Set down exactly the lines from the one containing "CRAFTSMAN 917.273221 Owner's Manual" to the final line of the records below, with every picture omitted.
[[ Data records, beginning ]]
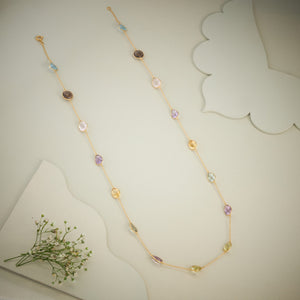 Mosaic Luxe Gemstone Chain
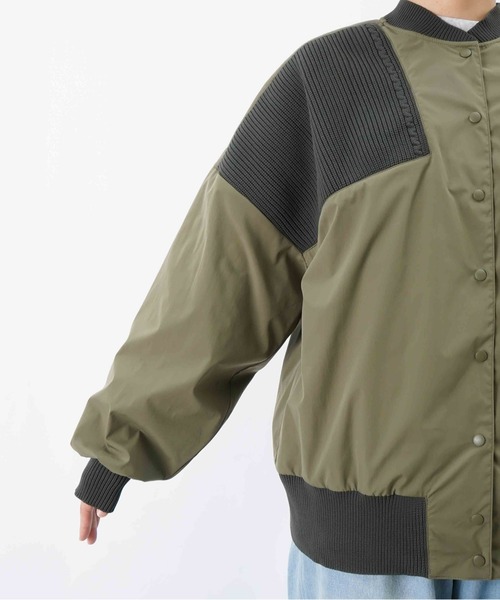 LUCA/LADY LUCK LUCA(ルカ/レディラックルカ)の「LC/LLL ドッキングニットブルゾン(ブルゾン・レディース・カーキ/ブラック・FREE)」の18枚目の写真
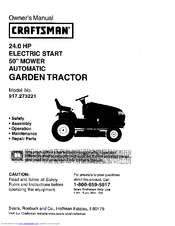 CRAFTSMAN 917.273221 Owner's Manual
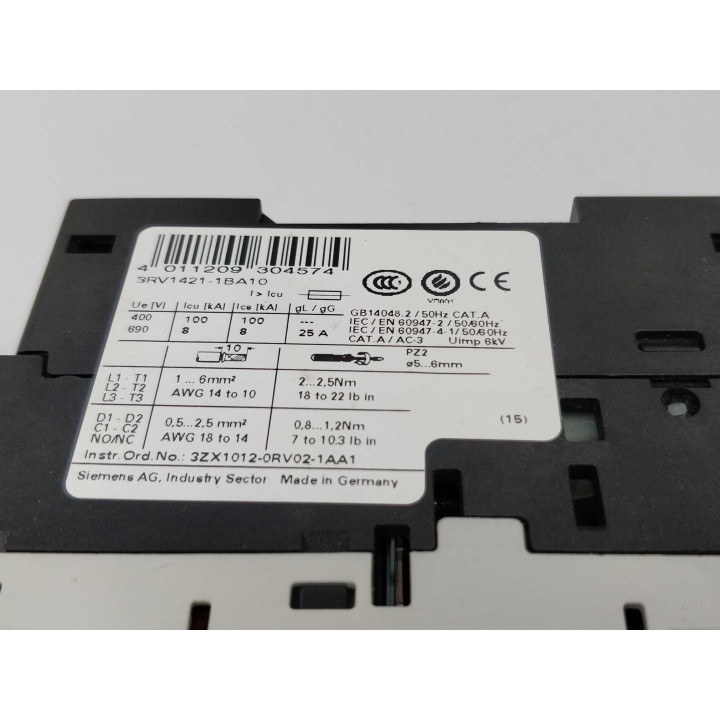 SIEMENS 3RV1421-1BA10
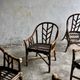 Rare ensemble de fauteuils en rotin McGuire des années 1970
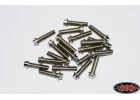 RC4WD Miniature Scale Hex Bolts (M2.5 x 10mm) (Silver)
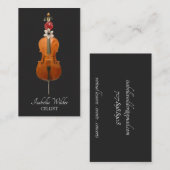 チェリエレガントスト | ブラック 名刺 (正面/裏面)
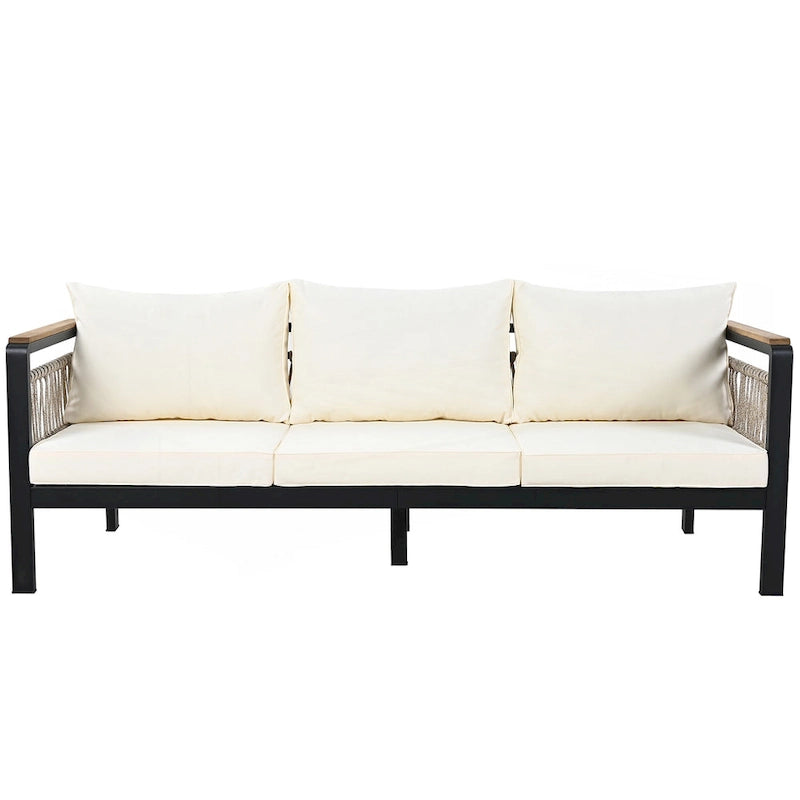 4 Pieces Outdoor Sectional Sofa Set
[[ Data records, end ]]
[Task answer]
 CRAFTSMAN 917.273221 Owner's Manual
 SIEMENS 3RV1421-1BA10
 Rare ensemble de fauteuils en rotin McGuire des années 1970
 RC4WD Miniature Scale Hex Bolts (M2.5 x 10mm) (Silver)
 チェリエレガントスト | ブラック 名刺 (正面/裏面)
 4 Pieces Outdoor Sectional Sofa Set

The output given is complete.